わが国財政問題の論点(6)~(10)
(6)一方で、石破氏には法人税率アップという考え方もあるようだが、空洞化を加速するだけで愚策に思える。富裕層課税も、これ以上強化したら様々な手段を使って富裕層は海外逃亡を加速させるであろう。現在は、海外在住からの帰国者に厳しい徴税を課したり、相続税を厳しくしたりしているが、こちらも限界がある。
(7)石破+野田という顔ぶれからは、行政改革、特に官公労との対決というイメージは出てこない。野田は、小沢一郎と連携して、東の維新との提携を考えているようだが、この点は大きな障害になる。東の維新は元をたどると「渡辺喜美グループ(みんなの党)」が源流の一つとしてあり、官公労ベッタリの立憲とは鋭角的な対立関係にあるからだ。
(8)戻って、財政規律の問題だが、もう制度的には動かせる部分は少ないし、政府が投資してイノベーションというのも可能性は薄い。ここは規制を緩和して、とにかく「民族資本が改革をすると袋叩きにあうが、外資なら簡単に許す」という2000年頃からの悪いパターンを少なくとも止めることが大切。
(9)とにかく、国民的合意として、日本発の多国籍企業の連結決算の合計値が日本経済では「ない」ことを確認する必要がある。この点で怪しいのが高市氏の「もう一度世界一」。とにかくGDPに寄与すること、税収に寄与すること、これをベースに日本経済を健全な成長軌道に戻すことが何よりも肝要。

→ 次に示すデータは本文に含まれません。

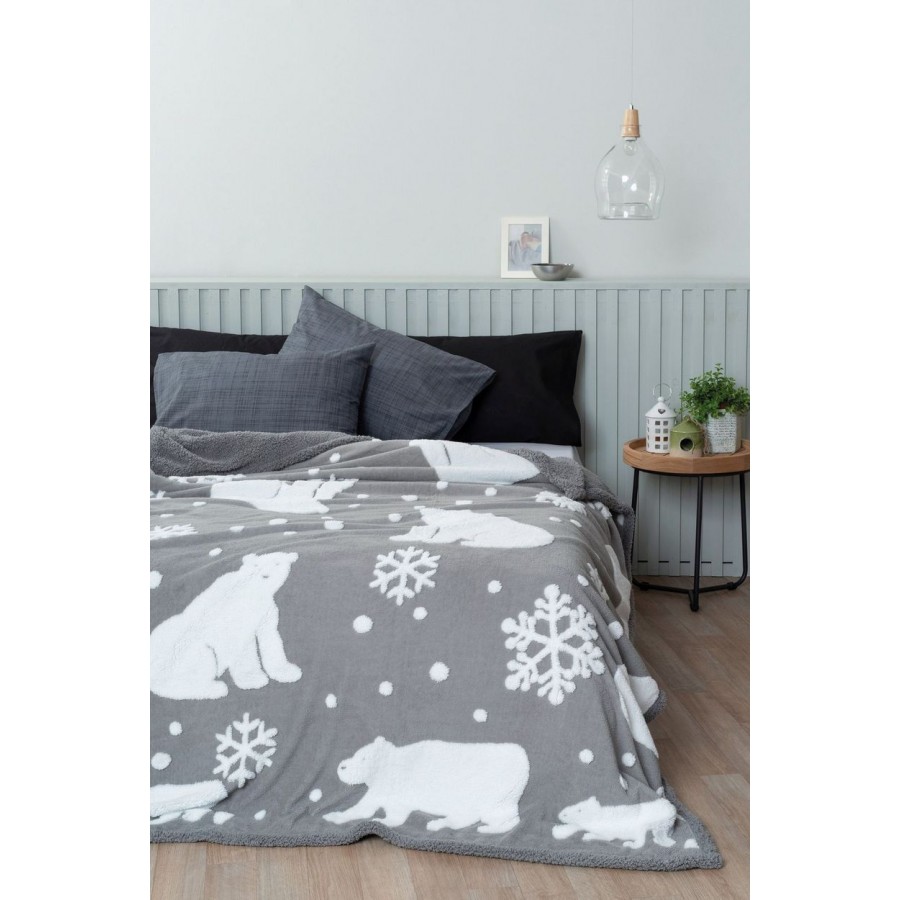 Κουβέρτα Υπέρδιπλη Polo Grey 220X240 Palamaiki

(10)石破の言う「地方重視」も、地方にカネをどんどん捨てるのではなく、地方の伸びしろに投資するということ、そのリターンを絶対に確保すると言うところから発想しないとダメ。最初にすべきことは「地方における女性の高度人材の活躍」であり、その障害となる人物、制度、慣習を徹底的に潰すことが必要。その気迫がないのなら、地方はこのまま衰退するし、そこに同情の余地はない。

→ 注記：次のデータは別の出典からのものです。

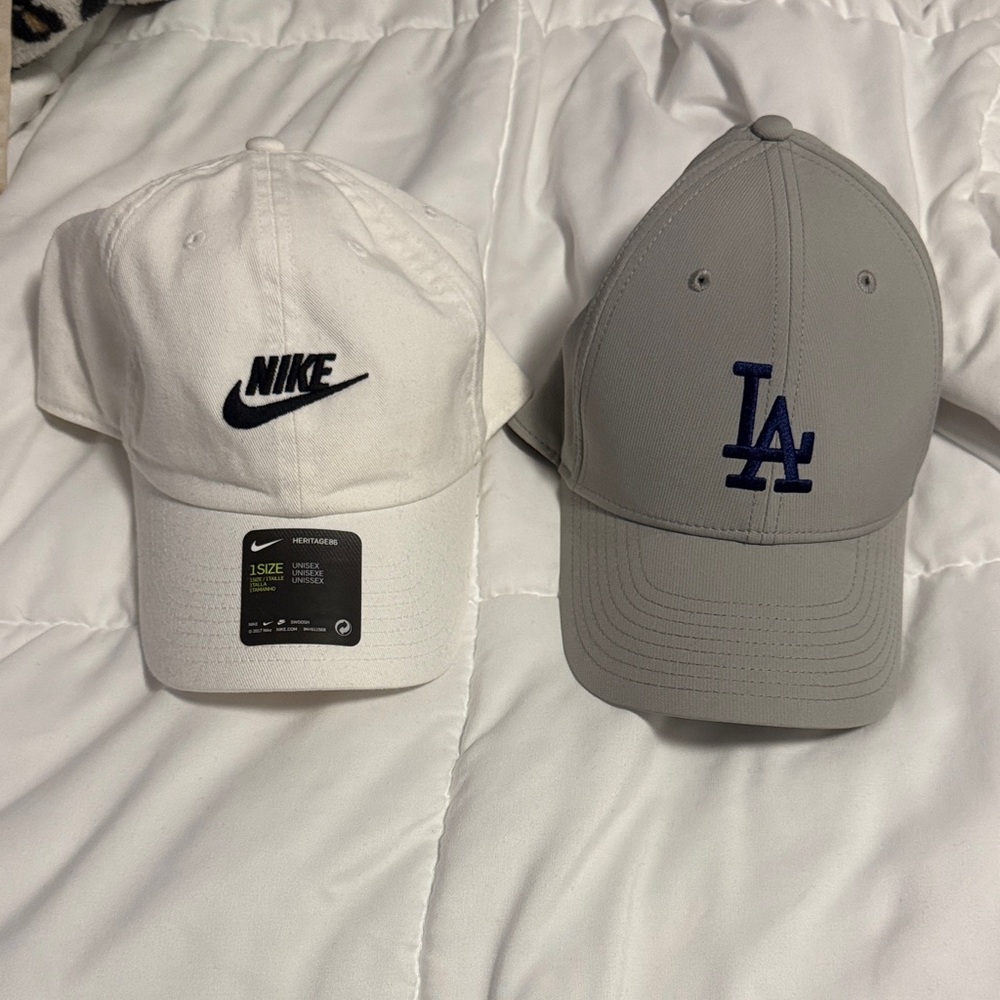 Nike White Cap and LA Gray Cap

途中から財政の話から民間を含む経済全体の話になっていますが、とにかく財政規律も、一番のポイントは「国家破綻を先延ばし」することではないと思います。財政における「破綻への恐怖」を減らすことで、個人も法人も必要な金を使うようになる、それが正常化の大前提だということです。
そして、現在はこの前提が崩れています。ここまで書いてきて、やはり震えるような怖さを感じます。日本経済が、日本円が破綻しても、それはそれで年金や健保の債務がチャラになるので、ガラガラポンになるという説もありますが、全くの間違いです。